Dieser Freiraum reicht vielleicht nicht aus, den Kapitalismus bis zum Jahr 2000 abzuschaffen. Doch weltweit nachdrücklich Abrüstung zu fordern, die Gefahr des dritten Weltkriegs, des Atomkriegs zu vermindern, neue Formen zu entwickeln, wie internationale Konflikte, Konflikte zwischen den Staaten, ohne Einsatz von Militär und Waffen ausgetragen und gelöst werden können, dazu reicht die Zeit vielleicht.

Wenn wir nicht handeln, haben die Vereinigten Staaten in zehn Jahren ihren neuen Feind. Möglicherweise ist es die ökonomische Macht Japans und anderer asiatischer Staaten, gegen die sich das westliche Militärbündnis zusammenfindet, um die Kultur der weißen, christlichen, abendländisch geprägten Welt gegen die vermeintliche Gefahr aus einem neuen Osten zu verteidigen. Aber bis dahin haben wir, Linke, Alternative, Frauen, eine Chance im Kampf gegen Faschismus, Rassismus und Kriegsgefahr; gegen die Ausbeutung der farbigen Völker durch die weiße Herrenrasse, gegen Sexismus und die Gewalt der Männer, die täglich weltweit das Leben von Mädchen und Frauen bedrohen, zerstören.

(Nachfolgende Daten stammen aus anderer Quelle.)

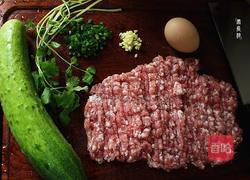 黄瓜片汆丸子汤的做法图解1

Halt: Jetzt träume ich ja als feministische Frau. Ich träume, daß linke Wissenschaftler und Männer endlich begreifen: Politik zu machen, heißt nicht nur, anderen nützliche Ratschläge zu geben, sondern muß heißen, nach Möglichkeiten und Freiräumen des eigenen politischen Handelns zu suchen.